Yes he could sing about alcohol in a playful song comparing his love to the smoothness of Tennessee whiskey, the sweetness of strawberry wine, but he would then sing of living his life “Still Doing Time” in a “Honky Tonk Prison.” He would sing honestly of his prison to alcoholism as a result of his broken relationships: “ If Drinking Don’t Kill Me, Her Memory Will .” This is not a glorification of alcohol; it is the scratchings against the door of a man in pain.

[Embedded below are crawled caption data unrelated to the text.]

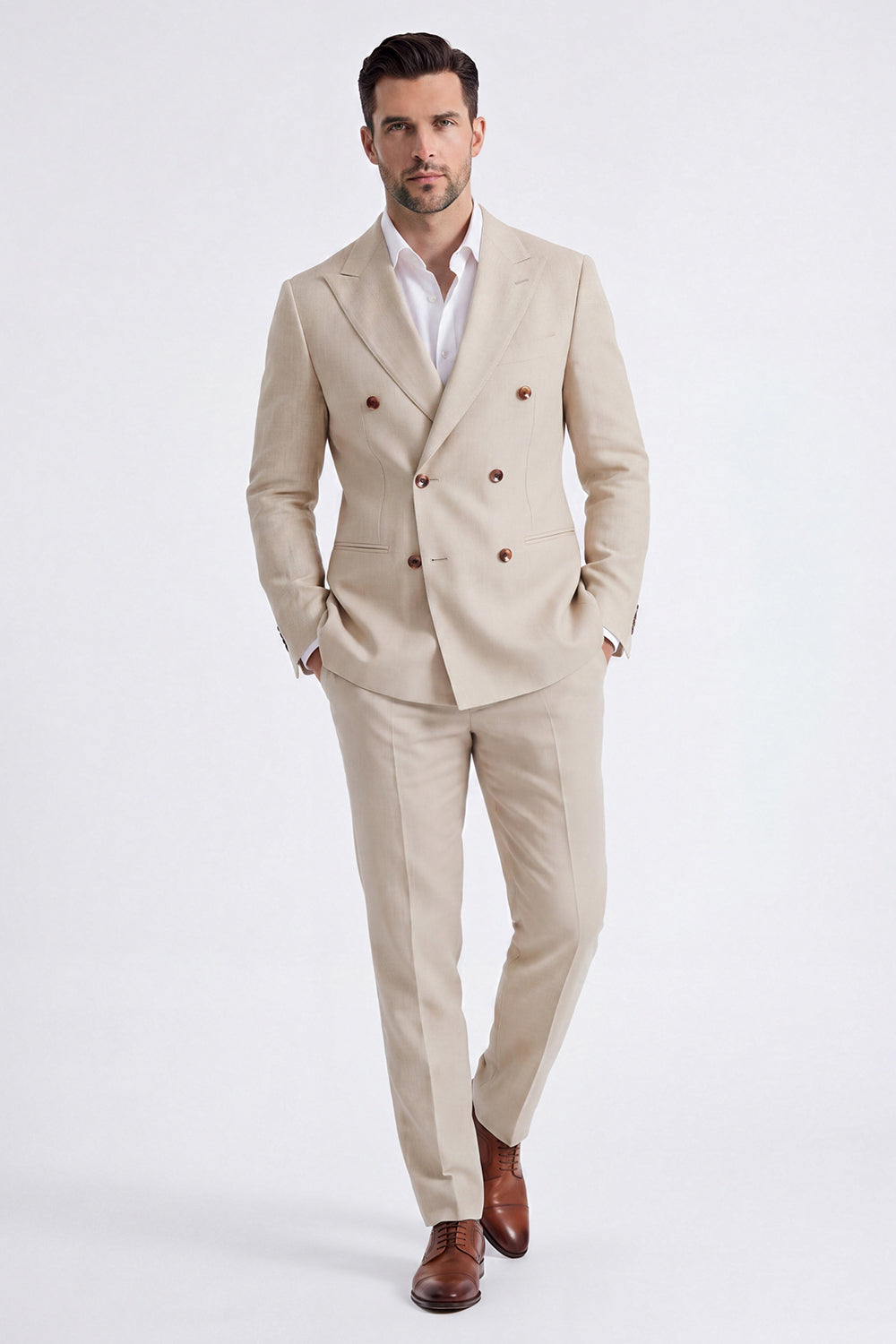 Beige Peak Lapel Double Breasted 2 Piece Men's Suits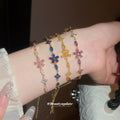 Gold Chain Flower Drop Zircon Adjustable Bracelets Four Colors view 3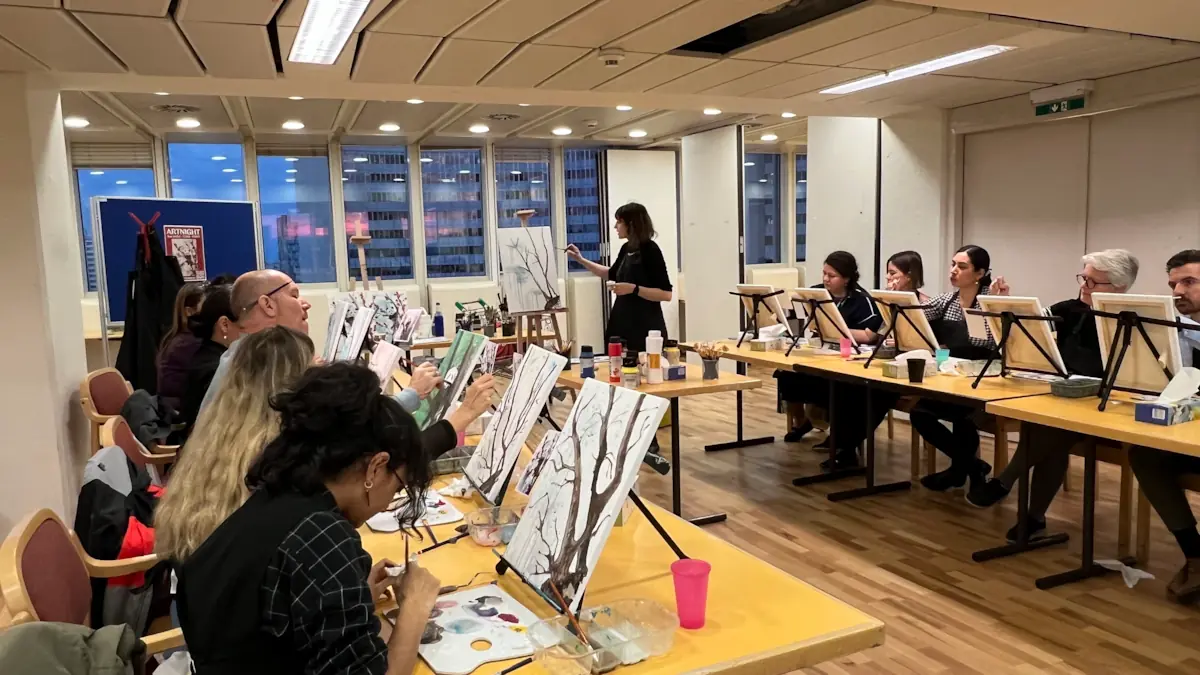 Participants painting together at VIC Health Club Art Night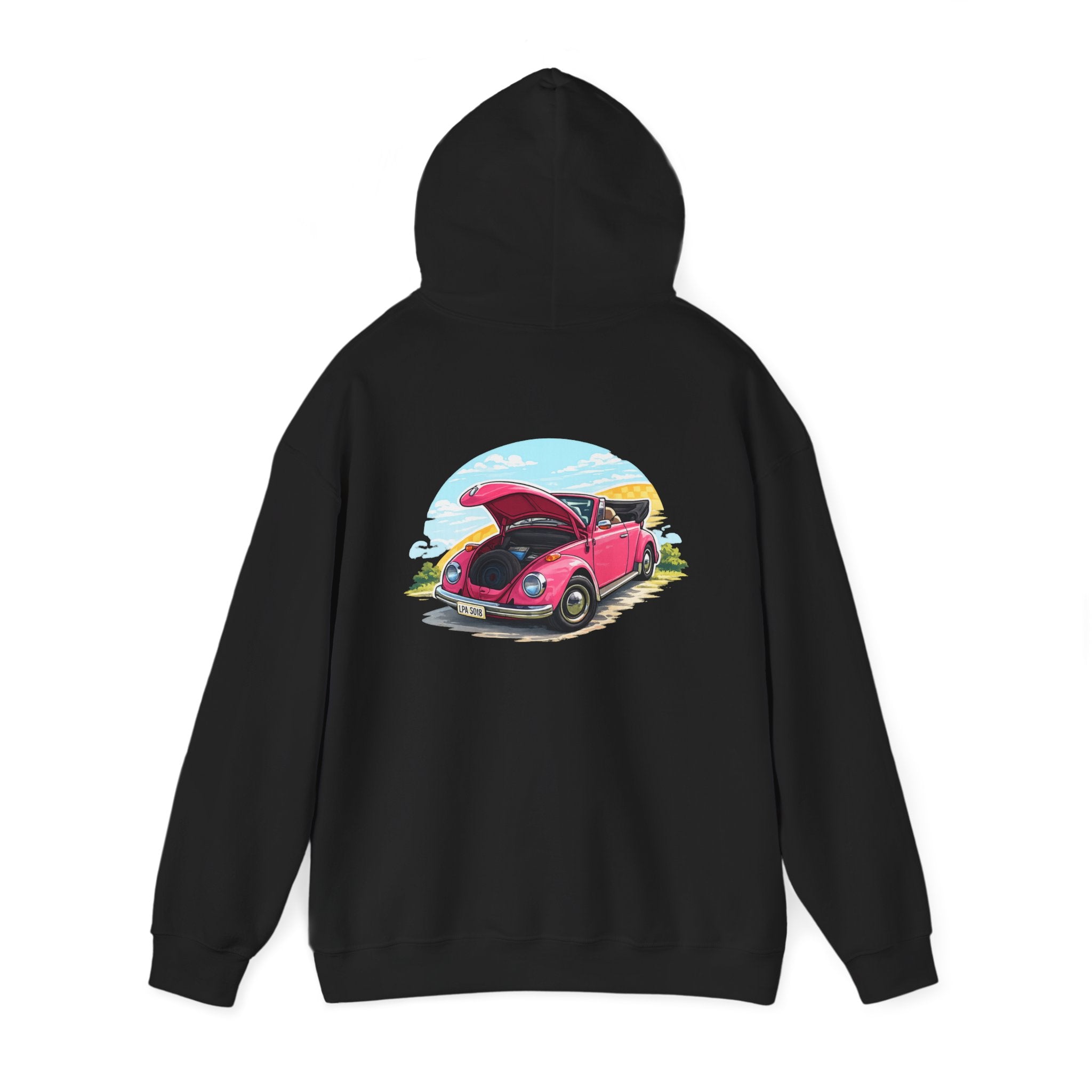 Vintage Pink Beetle Hoodie – Retro VW Bug Illustration Sweatshirt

Some may see hypocrisy in the fact that Jones sang gospel songs. The same emotion with which he sang of drunkenness and honky-tonking, he turned to sing of “Just a Little Talk with Jesus Makes Things Right.” He often in concerts led the crowd in old gospel favorites, such as “Amazing Grace” or “I’ll Fly Away.” But I don’t think this is hypocrisy. This is not a man branding himself with two different and contradictory impulses. This was a man who sang of the horrors of sin, with a longing for a gospel he had heard and, it seemed, he hoped could deliver him. In Jones’ songs, you hear the old Baptist and Pentecostal fear that maybe, horrifically, one has passed over into the stage of Esau who, as the Bible puts it, “could not find repentance though he sought it with tears.”

I’m not sure whether Jones sought repentance with tears, but he certainly sang of the longing for it with a quavering voice. In that sense, Jones communicated exactly what Flannery O’Connor wrote of when she spoke of a “Christ-haunted South, a region with a ubiquitous gospel, but without the ubiquity of gospel power.” Jones communicated what all of us, left to ourselves, seek to suppress. Life without Christ is leading us to a lonely grave. This is why of all of Jones’ corpus, I find most powerful his rendition of “ The Cup Of Loneliness ,” a song about Jesus’ agony in Gethsemane. This song still speaks to the hellishness of hedonism. I was struck a couple of seasons back when the television series Mad Men ended an episode about the dissipation about the same sorts of things Jones always sang about, with this song playing over the closing credits.

George Jones is dead. He stopped loving her today. They’ll place a wreath upon his door, and soon they’ll carry him away. That’s true. Call Jones a genius; he was. Call Jones honest; he was. Call Jones tortured; he was. Call Jones lonely; he was.

But don’t call him a hypocrite.

Russell D. Moore is President-elect of the Southern Baptist Ethics & Religious Liberty Commission. At present, he also serves as Dean of the School of Theology and Senior Vice President for Academic Administration at The Southern Baptist Theological Seminary , where he also serves as Professor of Christian Theology and Ethics.